As Hayward explains it, many people who find themselves in domestic violence situations often rely on their animals as crucial companions in times of abuse and upset. “They confide in their animals – their animals become their loyal and trustworthy friends,” she says. “But then when they want to leave, the abuser knows that the animal is their lifeline, and will use that against them as a form of control.” This is where Pet Refuge comes in, removing the animal and transporting it to a safe place, and allowing the victim to take back some control.
“It takes a lot of stress off,” she says. “It’s providing peace of mind – knowing your pet is safe so you can get yourself and your kids to a safe place too.”
Perhaps unsurprisingly, no two days in the life of a Pet Refuge worker are ever the same. The charity works closely alongside other domestic violence agencies and police to remove animals from situations, and exit plans can be deployed at all hours of the day and night.
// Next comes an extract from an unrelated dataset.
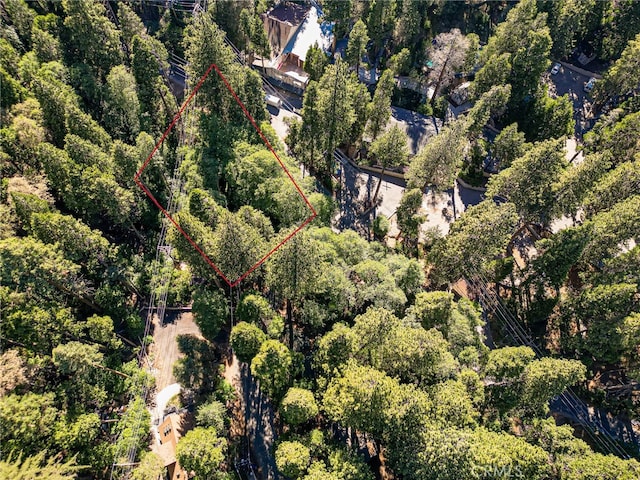 Listing photo 3 for 0 Cottage Grove Rd, Lake Arrowhead CA 92352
Hayward recalls one instance where a woman had to urgently leave her home for her own safety, but had a horse on the premises that was due to give birth. “She couldn’t be there to keep an eye on it, so we left at about three o’clock in the morning, to get there really early, get it done, and get out of the way.”
In another instance, she visited a property that was “smashed up” and found a very old, very grumpy dog barking behind a fence. “The victim and the abuser had to leave – he was in custody – but the dog wasn’t in good health. And it was so nice to take her in.” In the care and safety of Pet Refuge, the dog got back to good health and was eventually returned to the family at their new location. “Seeing the kids’ faces when they reunite again is just the best,” Hayward says. “It really makes it all worth it.”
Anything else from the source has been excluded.